L’attore bello, raffinato e affascinante, che ha ispirato l’agente James Bond e molto amato da Hitchcock, riesce a imporsi e a farsi conoscere a livello internazionale, ma appare sempre ambiguo. E nonostante i cinque matrimoni e una figlia, le voci sulla sua presunta bisessualità o omosessualità, e i lati oscuri continuano a rumoreggiare e a fare discutere. Per tanti alcune sue relazioni sono una copertura, per tacere altre verità.  Lui stesso dichiara: “Ho finto per tutta la vita di essere qualcuno fin quando non mi resi conto di essere diventato quella persona immaginaria”. Il dolore provato pensando alla madre morta e il senso d’abbandono, sembra segnare i suoi rapporti futuri irrimediabilmente.


Altri personaggi famosi oggi considerati delle vere e proprie icone mondiali  hanno subito mancanze e tormenti simili. Basti pensare all’indimenticabile Marilyn Monroe che ha  “trascorso gran parte della sua infanzia in case-famiglia”, con una madre inadeguata e un padre dileguato. La madre instabile mentalmente e con difficoltà economiche non è in grado di accudirla e per Marilyn inizia un vero calvario passando da una famiglia all’altra, tra sofferenze, mancanze e abusi. La stessa fame d’amore, il vuoto e la solitudine, nonostante i grandi successi, causano purtroppo la sua prematura scomparsa, rafforzando il suo mito e diventando fonte d’ispirazione.


Lo stesso Tom Cruise, interprete di Mission: Impossible, racconta di un’infanzia dura, per le violenze subite dal padre, che lo picchia spesso e senza motivi.
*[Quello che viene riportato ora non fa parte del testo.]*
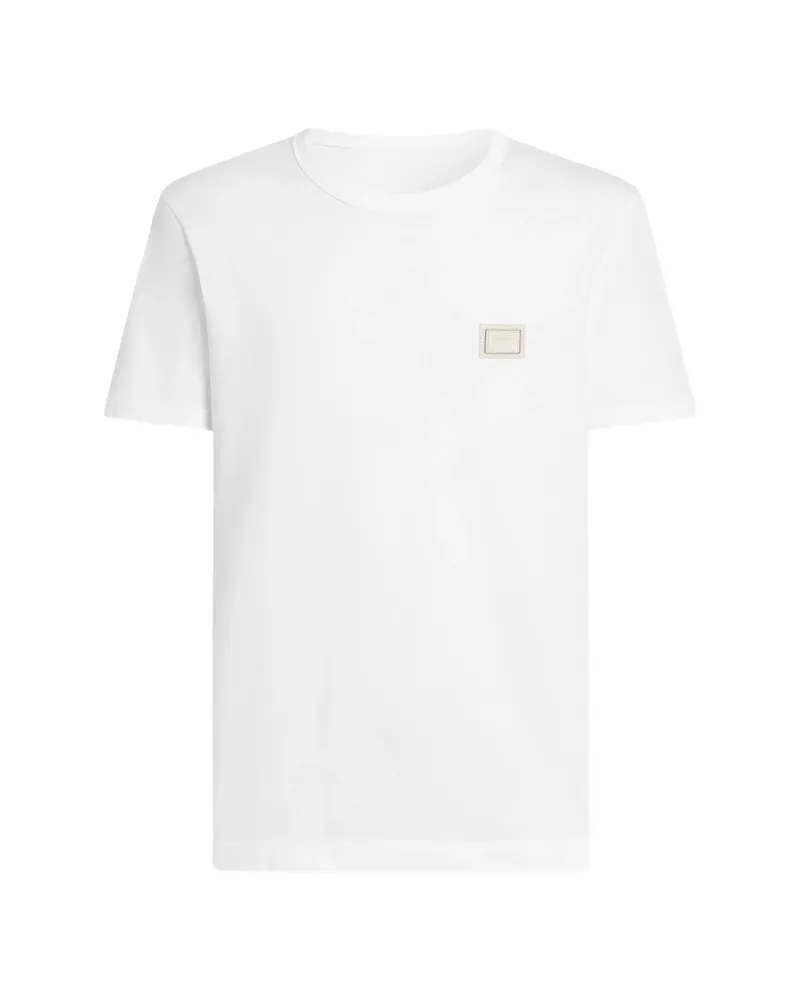 Dolce & Gabbana Cotton T-shirt With Logo Plate White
E  quando finalmente i genitori si separano, per lui non è certo un dramma, ma una sana liberazione. Invece, John Lennon, cantante dei Beatles e solista,  viene affidato presto alle cure della zia Mimi, e sottratto dai nonni alla madre, che la ritengono inadeguata per la sua crescita. Intanto, la madre Julia poi, continua la sua vita con altri figli, vedendolo di rado, ma quando John diventa  più grande, riprendono i rapporti. Purtroppo, questo riavvicinamento dura poco, spezzato dalla morte di Julia  per un incidente. Perdendo la madre, come lui dice due volte, e proprio quando il rapporto sembra evolversi.

Osservando queste vite di geni famosi e  infelici, sembrano confermare l’importanza di un’infanzia affettiva sana ed equilibrata. Ma allo stesso tempo  che i traumi e le frustrazioni, favoriscono la creatività in un connubio di genio e follia. Il dolore non si disperde, ma serve, si trasforma per seminare e costruire sulle ferite, generando passione, arte, idee, forza e mondi nuovi e seduttivi. E lo stesso John Lennon, per le mancanze affettive materne in un’intervista del 1971, ammette:

«Il dolore più grande è non essere desiderati, renderti conto che i tuoi genitori non hanno bisogno di te quando tu hai bisogno di loro. Quando ero bambino ho vissuto momenti in cui non volevo vedere la bruttezza, non volevo vedere di non essere voluto. Questa mancanza di amore è entrata nei miei occhi e nella mia mente. Non sono mai stato veramente desiderato. L’unico motivo per cui sono diventato una star è la mia repressione. Nulla mi avrebbe portato a questo se fossi stato normale».